There are still plenty of free agents left on the board. But who are the winners so far? The losers? Let’s take a look.

Winners:

Los Angeles Lakers

When you land the biggest fish in the pond, of course you are going to come away a winner. The Los Angeles Lakers did just that when they snagged the biggest name on the market, LeBron James.

Not only did they get him, but the Lakers got a long-term commitment from the King — three seasons and a fourth player-option — and, while they were quickly upstaged by another squad (more on that later), they instantly transformed their roster into a contender. While another year with just the kids would certainly have made the Lakers an interesting team, James’ arrival vaults them into the upper echelon of teams, even in the brutal Western Conference.

With James in the fold, not only will the LakeShow find its way back to the postseason, but they are now primed to attract numerous big-name players in the summer of 2019; Jimmy Bulter, Klay Thompson and Kyrie Irving are just a few of the names that could find themselves on the open market. Outside of James, the Lakers have maintained their financial flexibility this offseason, signing numerous players to one-year deals, and they should easily be able to carve out another max-contract roster spot alongside him.

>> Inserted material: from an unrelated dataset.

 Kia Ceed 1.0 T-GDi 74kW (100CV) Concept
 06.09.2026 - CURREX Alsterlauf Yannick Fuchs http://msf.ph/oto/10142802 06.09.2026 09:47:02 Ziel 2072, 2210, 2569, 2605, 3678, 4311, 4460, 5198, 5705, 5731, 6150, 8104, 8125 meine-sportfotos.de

DeMarcus Cousins and the Golden State Warriors

If the Lakers won the first day of free agency, the Warriors were definitely the day two victors.

Coming off back-to-back titles and three in four seasons, the Warriors didn’t need to do anything to their roster, outside of retaining some of their own free agents (which they also did). With a foursome of Stephen Curry, Thompson, Kevin Durant and Draymond Green, they likely would have walked their way back to the Western Conference Finals.

But complacency can often lead to an undesirable outcome.

And so the Warriors front office, being the forward-thinking group that they are, went out and signed the best center in basketball, DeMarcus Cousins.

For just taxpayer midlevel exception, this is a no-brainer for Golden State. While Cousins is coming off a torn Achilles, the Warriors are more than equipped to deal with his injury as well as his volatile personality and he represents a low risk, very high upside reward for the team. If he can return to even 60 percent of the player he was pre-injury, he is an upgrade, something that should scare every team trying to win the Larry O’Brien Trophy.

If things don’t work out, Cousins can easily be moved off the roster and the team will still dominate.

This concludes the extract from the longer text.